Now, as Vroman’s prepares to celebrate its 130th anniversary, Sheldon has decided it’s time to hand over the reins.
But he doesn’t just want to sell to the highest bidder. Sheldon wants to leave the bookstore in good hands.
“Vroman’s deserves a new owner with the vision, energy and commitment to successfully take it into the future,” Sheldon said in a statement. instagram post announcing his decision last month.
He continued, “We will take the time necessary to find the right new owner – someone who shares our core values and is committed to preserving Vroman’s as a community treasure.”
Over the years, the bookstore has hosted authors such as Upton Sinclair, Ray Bradbury, Ginger Rogers, Joan Didion, Hillary Clinton and Judge Sonia Sotomayor. In 2008 it was named bookseller of the year by Weekly Editors.
“We have generations of customers,” said Sherri Gallentine, who began working as a clerk at Vroman’s in 1992 and became a senior book buyer in 2010. “We have people who come in and say, ‘I came here when I was a kid with my grandparents and Now I will bring my children here.”“
The store is a place of pride for the people of Pasadena, said Philip Hawkey, former city manager. “Vroman’s reflects a lot of Pasadena’s civic identity,” he said.
Purportedly the largest independent bookstore in Southern California, the store has two locations in Pasadena, two boutiques at LAX airport, and an e-commerce site. Its main location in Pasadena, on Colorado Boulevard, also has a coffee shop, wine bar and a large space for reading books. In 2009, Vroman’s purchased the independent bookstore Book Soup in West Hollywood, after its owner died and the store was in danger of closing.

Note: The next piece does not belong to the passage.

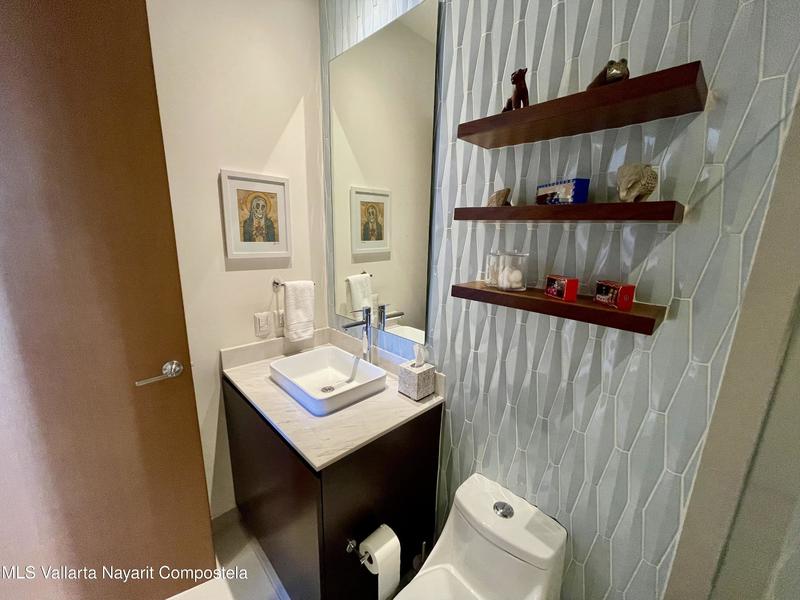 20251013223228157573000000 o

Stores strive to curate their selection, with sections like “California and the West” and “Black Lives,” and prioritize customer service. Often, one of its 150 employees walks customers to the shelves to help them find the books they are looking for.
That personal touch helped Vroman’s survive competition from big box stores and online retailers.
“We have people who will help you choose gifts for the family or just something nice for yourself,” Gallentine said. “We try to connect with our customers.”
In an interview, Sheldon said he has faith that the right manager for Vroman’s is out there somewhere: “We’re very confident we can find someone.”
However, Loyal Vroman’s customers are worried that the bookstore will change or, worse yet, that they won’t find a buyer and will have to close. “Everyone is talking about it,” Barnett said.
On a recent weekday morning, Barnett was browsing upstairs in the children’s section with her daughter Liza, who had just turned 8 and was planning to spend her birthday money (her mother was trying to steer her toward the books and keep her away from a stuffed bunny). .
“Reading is very important to our family,” Barnett said, and “just by bringing them here, I’m instilling that love of books in them.”
Nearly 40 percent of Vroman’s business comes from non-book merchandise, including gifts, kitchenware, greeting cards and stationery. It would be nice if a new owner decided to lean more in that direction, Sheldon said: “Adaptability and resilience have allowed a good owner to run a great bookstore.”
Katie Wengert, who visited Vroman’s from Philadelphia recently, had her arms full of gifts, including a novel (“The Idiot” by Elif Batuman), gifts for her boyfriend who is turning 40, and a birthday card for her sister. in law.
“It’s everything you want a bookstore to be,” he said. “That doesn’t really exist anymore.“
Residents have reason to be optimistic that someone will continue Vroman’s tradition. The bookstore struggled mightily during the pandemic shutdown and the community rallied in response to Sheldon’s plea for support on social media.
“We’ve certainly been through world wars and depressions,” Sheldon said. “With our customer base and our hard-working employees and friends, we made it through it and came out on the other side.”
On a recent visit, Levesque, a regular customer, ordered a book on salvaging leftovers, bought a planner (at 50 percent off) and browsed the travel and history sections.
His three children always give him gift cards to the store, he said. They also know about her last wish.
“I already told you, when it happens, cremate me, spread my ashes in the Vroman Bookstore,” he said. “Just a little bit here and there, because that’s where I want to end up.”